▸ Work task
Don't include any picture when you restate the data word for word.

▸ Supplied data
========

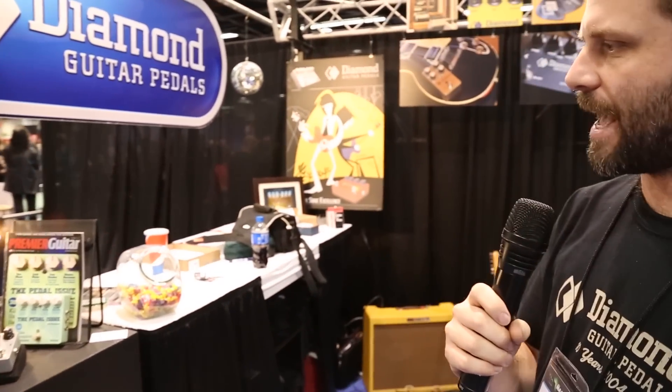Hi there, this is Amish with Diamond Pedals. We're at NAMM 2014 showcasing our line of analog and digital pedals. If you want to follow me this way, I'll give you a quick overview of what's new.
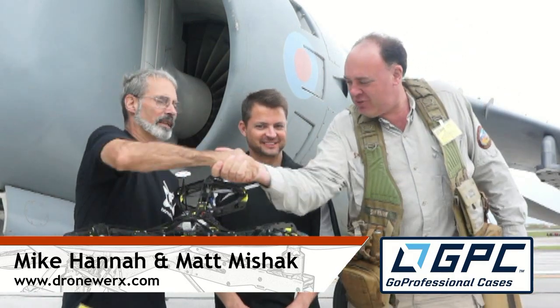I'm Roswell Flight Test Crew, back here at the Cleveland National Air Show. Thanks to our good friends at Go Professional Cases. I'm back here with Matt Meshack and Mike Hanna.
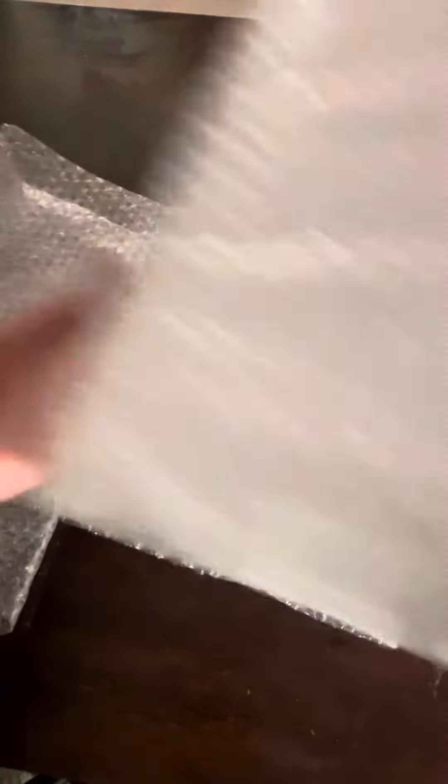Alright, a little bubble tape — corners — you're going to put little corner guards, all right.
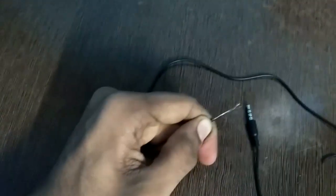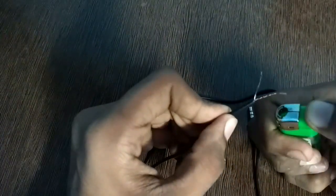Just tear the wire from here to take out the internal wires, just like this. Then you have to join the green wire with the red one. As you can see, join the green with the red one, fold it like this, and then do the same with the other one. When you are done, just burn the wires.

========

▸ Response to the exercise
Hi there, this is Amish with Diamond Pedals. We're at NAMM 2014 showcasing our line of analog and digital pedals. If you want to follow me this way, I'll give you a quick overview of what's new.
I'm Roswell Flight Test Crew, back here at the Cleveland National Air Show. Thanks to our good friends at Go Professional Cases. I'm back here with Matt Meshack and Mike Hanna.
Alright, a little bubble tape — corners — you're going to put little corner guards, all right.
Just tear the wire from here to take out the internal wires, just like this. Then you have to join the green wire with the red one. As you can see, join the green with the red one, fold it like this, and then do the same with the other one. When you are done, just burn the wires.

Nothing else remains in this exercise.